A doctor that had been seeing an 80-year-old woman for most of her life finally retired. At her next checkup, the new doctor told her to bring a list of all the medicines that had been prescribed for her. As the doctor was looking through these his eyes grew wide as he realized Grandma had a prescription for birth control pills.

“Mrs. Smith, do you realize these are birth control pills?”

“Yes, they help me sleep at night.”

“Mrs. Smith, I assure you there is absolutely nothing in these that could possibly help you sleep!”

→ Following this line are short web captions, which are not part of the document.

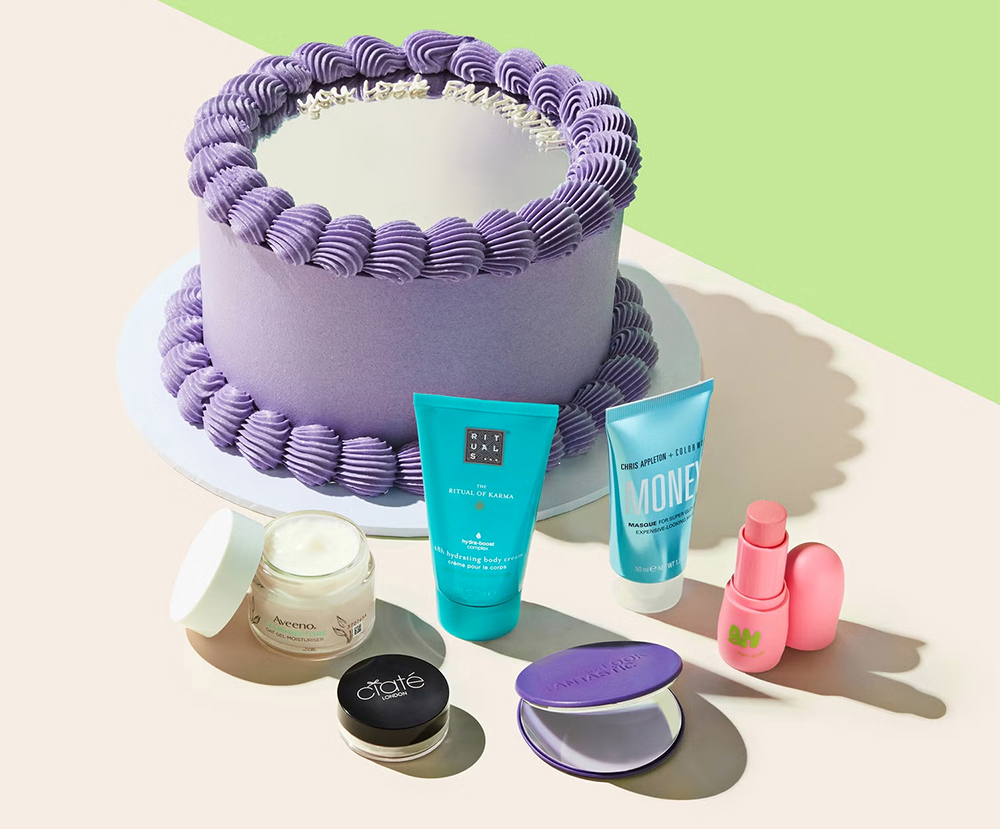 Lookfantastic Beauty Box August 2024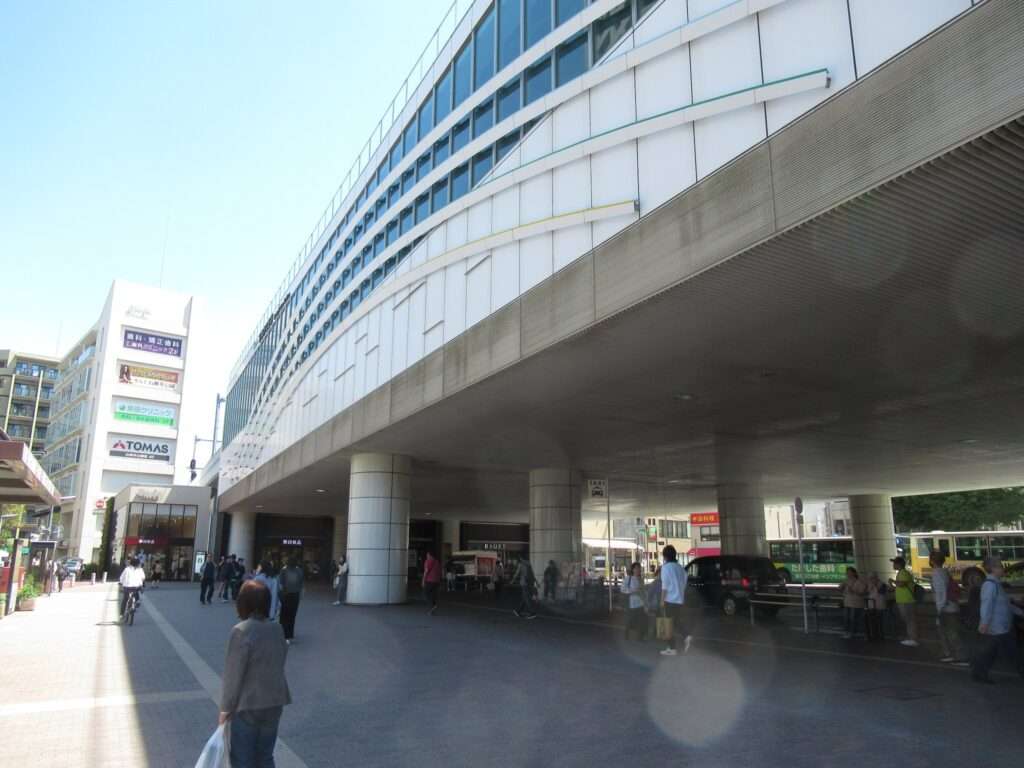 石神井公園駅(西武鉄道)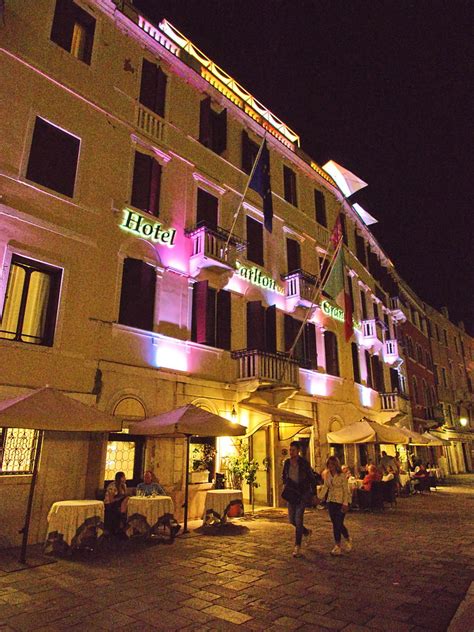 Historical Hotel Carlton Venice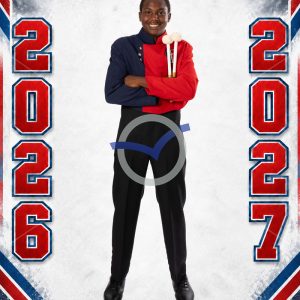 Joshua Banjo - Year Block - Pose 7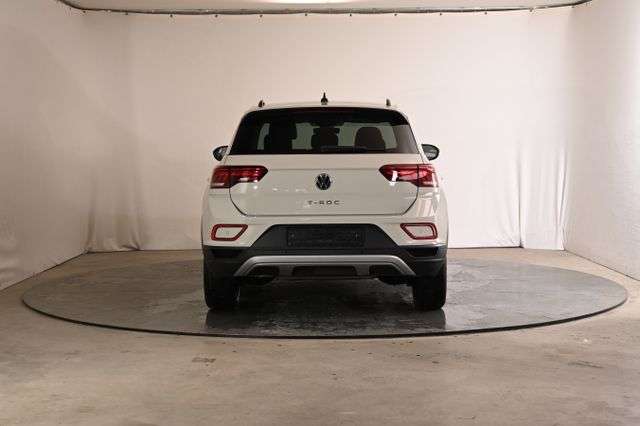 Fahrzeugbild eines Volkswagen T-Roc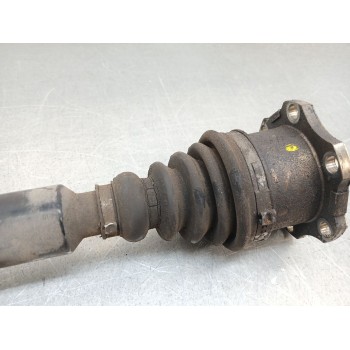 Recambio de transmision delantera derecha para seat ibiza iii (6l1) 1.9 tdi referencia OEM IAM   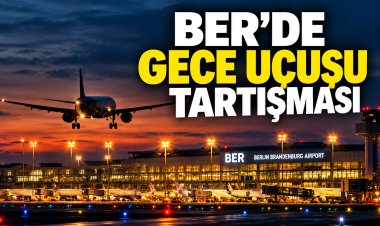 BER’de gece uçuşu tartışması büyüyor: Sol Parti 22.00–06.00 yasağı istiyor, AfD karşı çıkıyor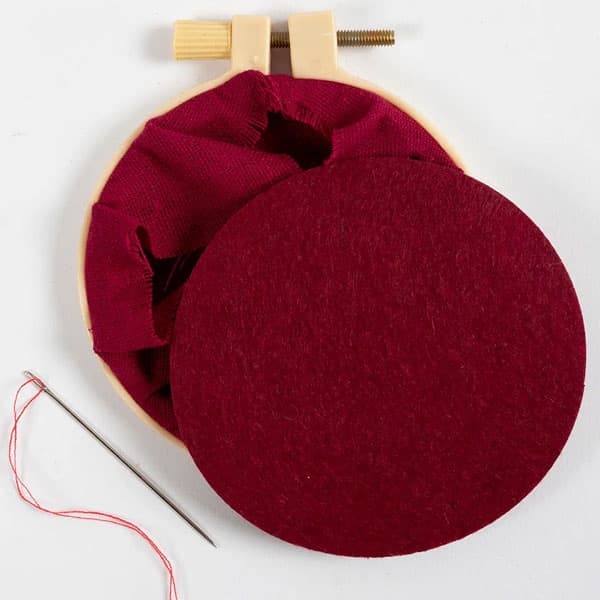 Mini DIY Kit - Brodera en Ren - Julpyssel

She reached out and patted the young doctor’s knee and said, “Yes, dear, I know that. But every morning, I grind one up and mix it in the glass of orange juice that my 16-year-old granddaughter drinks. And believe me, it definitely helps me sleep at night.”

HarryNewton
Harry Newton, who finds it’s not entirely fun to be back to hometown New York City. This place is downright scary. Stairs. Traffic. Bicycles. Messengers. Horses. Hazards everywhere. There’s still snow on the ground. And, a pigeon just did do-do on my backpack. Am I getting old?

4 Comments

  1. JimBobToo says:

    Harry, if you have Xfinity as your cable provider, you don’t need slingbox. You can access your account from anywhere and watch your DVR-saved stuff.

  2. Bruce Miller says:

    Why is Amazon “the former bookseller”?

  3. Eugene Muchnick says:

    Congress no longer has that gold plated health plan. Since 2014 they have had to buy from the exchanges like everyone else. Ask Siri.

    • peggy frazier says:

      Like other large employers, the government pays a large share of the cost of coverage. On average, the government pays 72 percent of the premiums for its workers, up to a maximum of 75 percent depending on the policy chosen. For example, the popular Blue Cross and Blue Shield standard fee-for-service family plan carries a total premium of $1,327.80 per month, of which the beneficiary pays $430.04. Washington, D.C.-based employees who prefer an HMO option might choose the Kaiser standard family plan. It carries a total premium of $825.15 per month, of which the employee pays only $206.29.

      In addition, members of Congress also qualify for some medical benefits that ordinary federal workers do not. They (but not their families) are eligible to receive limited medical services from the Office of the Attending Physician of the U.S. Capitol, after payment of an annual fee ($491 in 2007). But services don’t include surgery, dental care or eyeglasses, and any prescriptions must be filled at the member’s expense.

      House and Senate members (but not their families) also are eligible to receive care at military hospitals. For outpatient care, there is no charge at the Washington, D.C., area hospitals (Walter Reed Army Medical Center and National Naval Medical Center). Inpatient care is billed at rates set by the Department of Defense.